%%
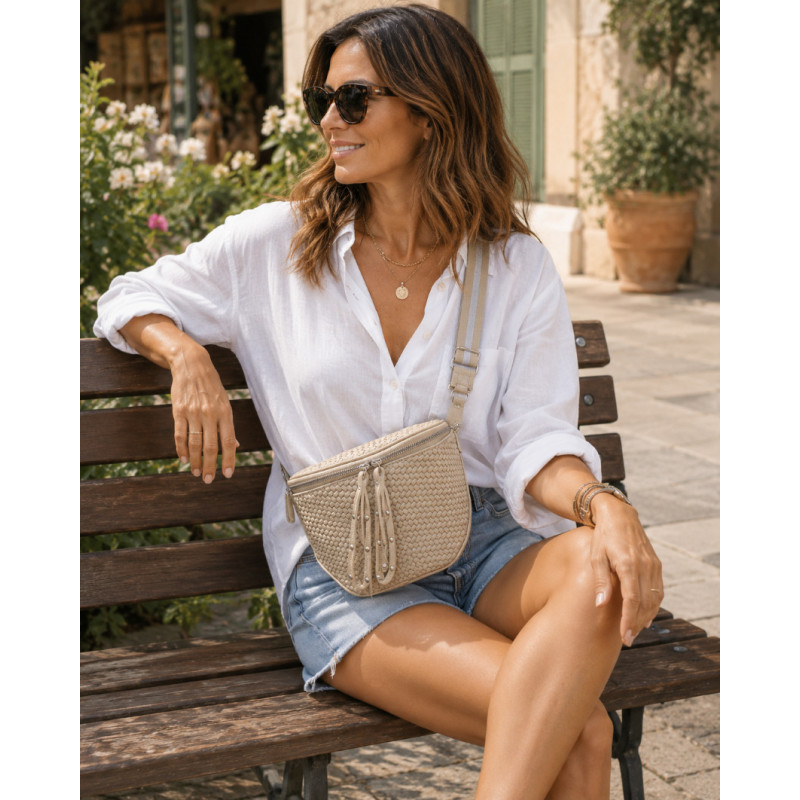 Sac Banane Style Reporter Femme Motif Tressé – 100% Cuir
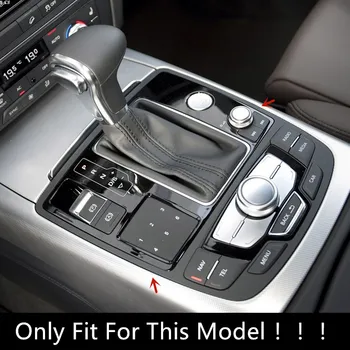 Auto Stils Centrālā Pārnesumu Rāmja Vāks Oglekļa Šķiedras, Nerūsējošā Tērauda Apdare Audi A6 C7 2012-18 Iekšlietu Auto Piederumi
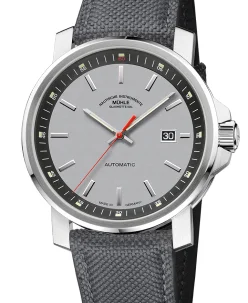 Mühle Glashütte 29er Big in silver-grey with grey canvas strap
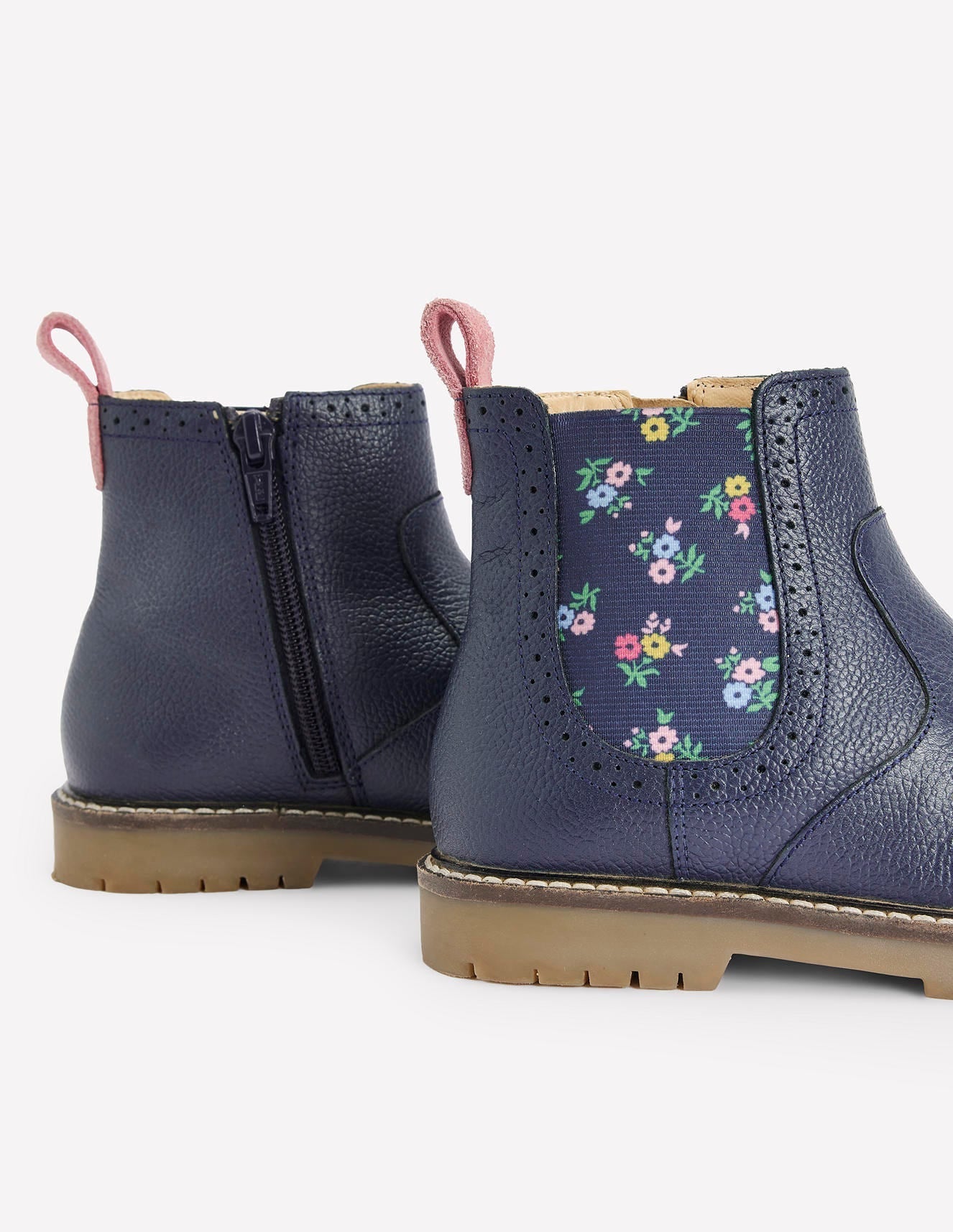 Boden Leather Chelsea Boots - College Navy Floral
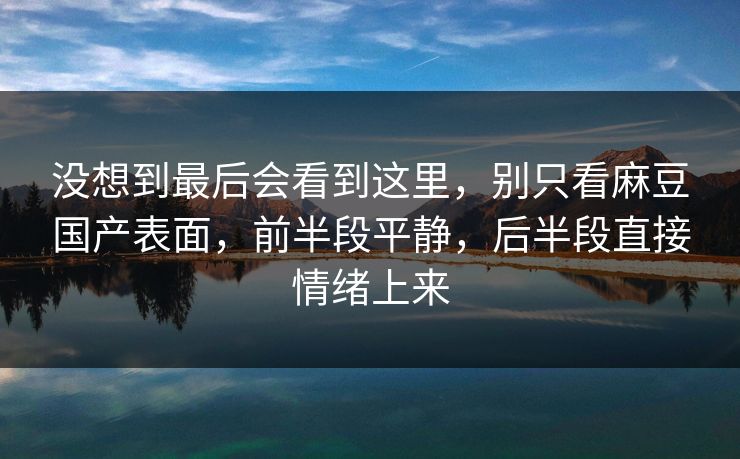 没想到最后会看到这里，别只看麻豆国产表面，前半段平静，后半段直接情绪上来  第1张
%%
%%
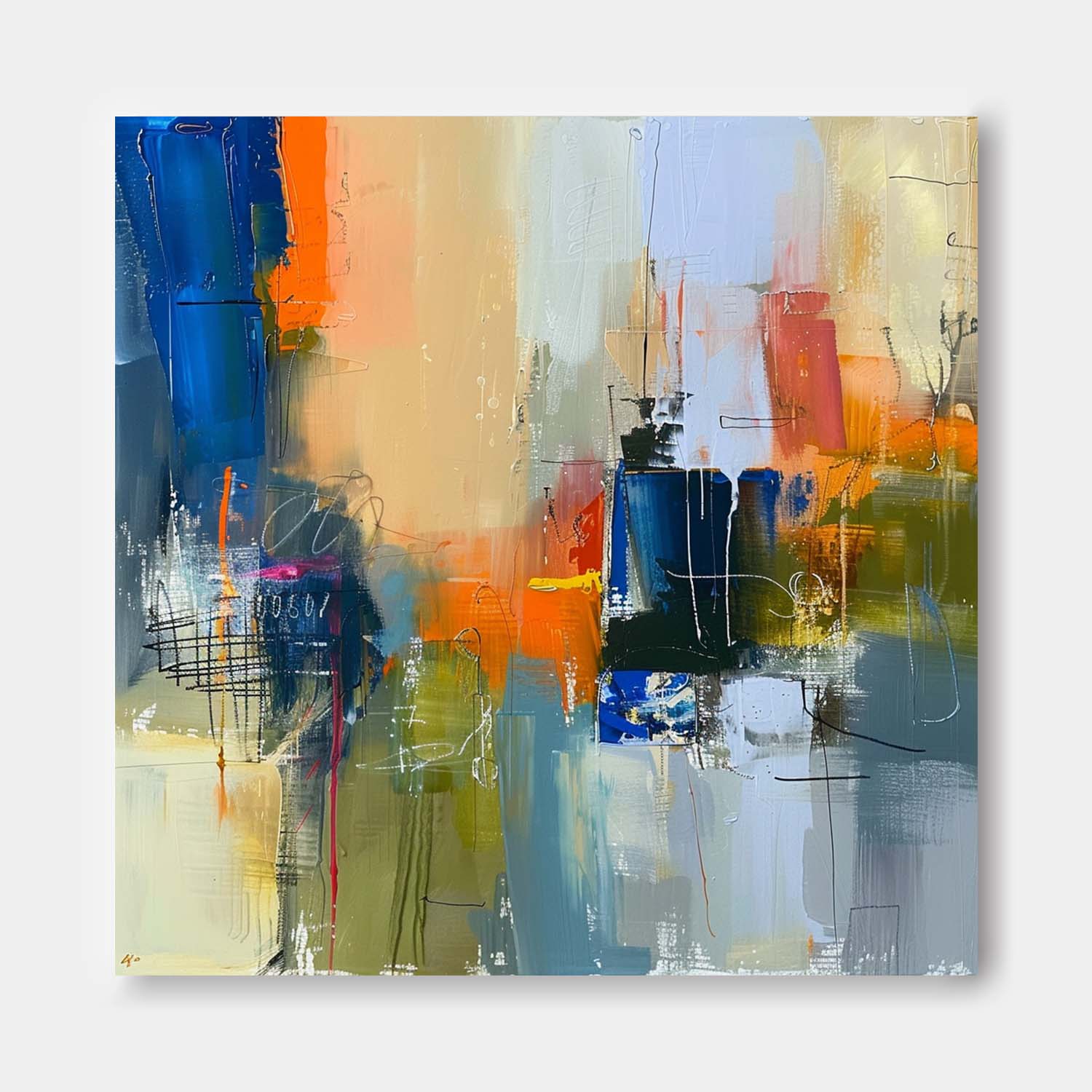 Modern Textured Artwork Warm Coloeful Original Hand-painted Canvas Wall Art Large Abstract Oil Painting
%%
EXERCISE DETAILS
Your answer must be the exact lines from the records above, from the one containing "Sac Banane Style" through the one containing "Mühle Glashütte 29er", both included, with every picture left out.

SOLVED EXERCISE
 Sac Banane Style Reporter Femme Motif Tressé – 100% Cuir
 Auto Stils Centrālā Pārnesumu Rāmja Vāks Oglekļa Šķiedras, Nerūsējošā Tērauda Apdare Audi A6 C7 2012-18 Iekšlietu Auto Piederumi
 Mühle Glashütte 29er Big in silver-grey with grey canvas strap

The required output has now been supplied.